Another point: we've got sections addressing neutrality in titles, but neutrality is not listed as one of the Primary Naming Criteria. Should it be? I think it would be an accurate observation that neutrality is a criterion that Wikipedians use in titling questions.
Well, I guess I've said a lot of stuff now. Any thoughts? - GTBacchus( talk) 17:50, 29 July 2011 (UTC)
Okay, very little content has changed, but a lot of sections moved. That makes it a little tricky to see just what changed. Here are the content changes since I started this section:
Everything else is just shuffling of sections. The easiest way to see all the changes is to compare the tables of contents before and after. I don't think I've got any more big edits in the wings, so I'm ready to sit back and see what others do with it. I like that there are fewer top-level headers, anyway.

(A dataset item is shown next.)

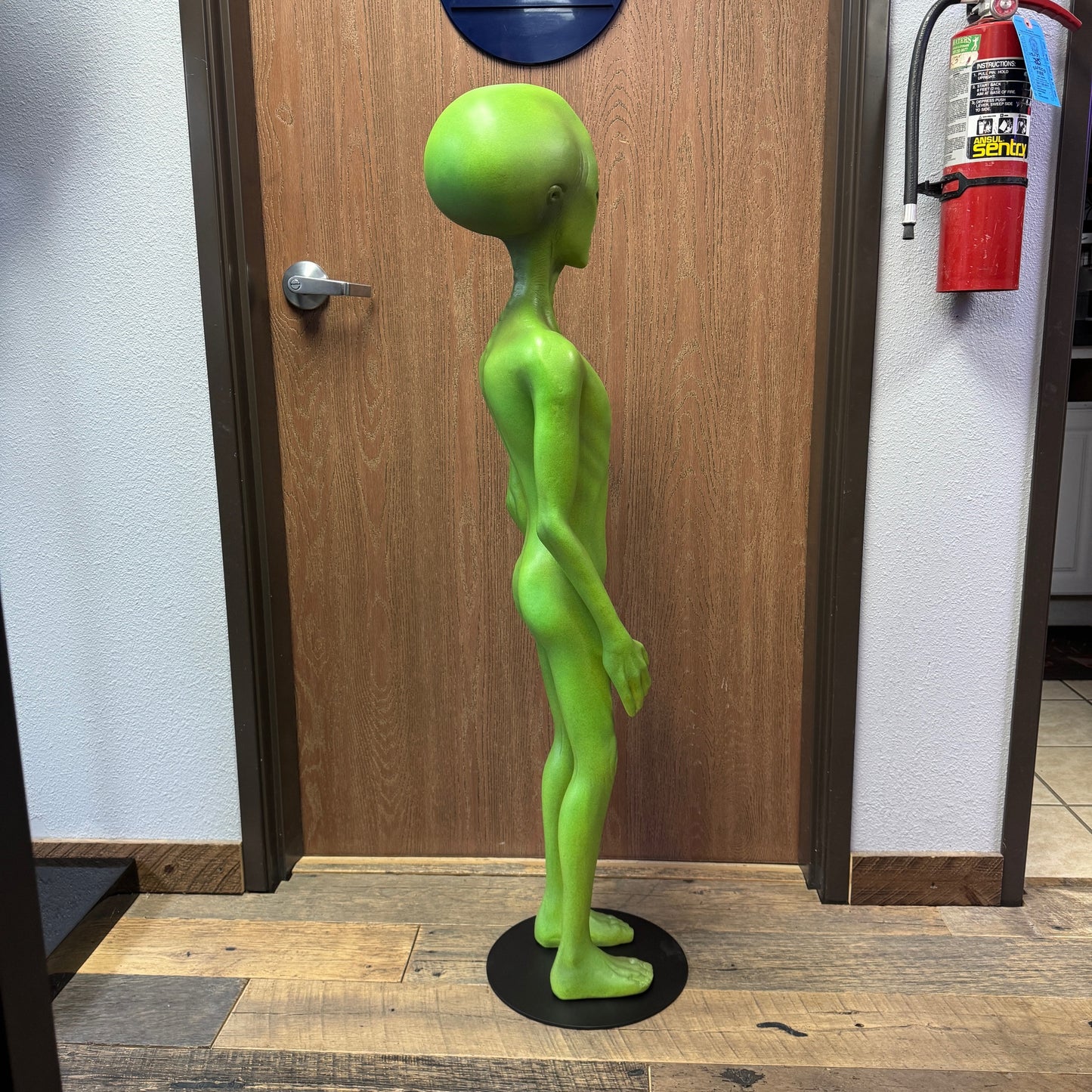 Green Alien Roswell Life Size Statue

Regarding the question of sections explicating each of the 5 criteria: It seems that Recognizability and Naturalness are discussed under "Common names", and perhaps under "Article title format". Precision has its section, Conciseness doesn't really need one, and Consistency is addressed by "Article title format" and "Explicit conventions". I don't think the relation of each criterion to the rest of the page needs to be made more explicit, or would that be helpful? - GTBacchus( talk) 23:23, 29 July 2011 (UTC)

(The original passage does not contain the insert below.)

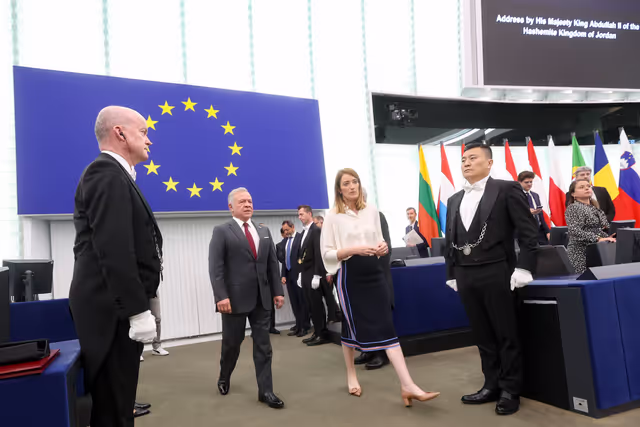EP Plenary session - Formal sitting with His Majesty King Abdullah II, King of the Hashemite Kingdom of Jordan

The policy says: "In discussing the appropriate title of an article, remember that the choice of title is not dependent on whether a name is "right" in a moral or political sense." That sounds great, but isn't political and moral "rightness" precisely why we've got an article at Burma and not at Myanmar? - GTBacchus( talk) 20:25, 29 July 2011 (UTC)
There's a discussion on naming scripts here. At issue as I see it is whether we use the word "alphabet" for scripts that are familiar or prestigious, for all segmental scripts, or only for 'true' alphabets. I don't much care as long as it isn't the first (Hebrew 'alphabet' but Phoenician 'script', or Western 'alphabets' and Eastern 'scripts', etc).

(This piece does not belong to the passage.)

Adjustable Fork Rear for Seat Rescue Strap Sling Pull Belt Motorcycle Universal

I think if we decide to be consistent, it should be summarized in our naming conventions somewhere, though I'm not sure where. NC (languages) seems to be the closest. At one point we had decided to call everything apart from Greek-type 'true' alphabets 'scripts', but as one editor put it, good luck trying to move Hebrew alphabet and Arabic alphabet back to that name.
(For those who aren't familiar with the terminology, Greek, Hebrew, and Thai are all "alphabets" in the broad sense. This is defined by having letters that transcribe individual segments (consonants and/or vowels), as opposed to scripts like Japanese kana and Cherokee which do not. There is a narrower and more specialized use of 'alphabet' to mean Greek-type scripts which give consonants and vowels equal status, as opposed to writing vowels with diacritics or not at all. In this convention, Greek is a 'true' alphabet, Thai is an abugida (writes vowels with diacritics), and Hebrew is an abjad (doesn't write vowels). The broad sense may be justifiable per COMMONNAME, the narrow sense per academic precision. (In an even broader sense, any writing system may be called an "alphabet", but there has never been support for being that imprecise on WP.) — kwami ( talk) 19:14, 2 August 2011 (UTC)
These two discussions are both about how we decide what terms to use based on neutrality, in case anyone is interesting in reading, or contributing to, the discussions.
The first one is not an RM or title discussion, but it's about how to decide whether to use the most commonly used name, or a more neutral term, in article content, and much of the discussion arguably applies to neutrality judgments in title selection as well. -- Born2cycle ( talk) 23:09, 6 August 2011 (UTC)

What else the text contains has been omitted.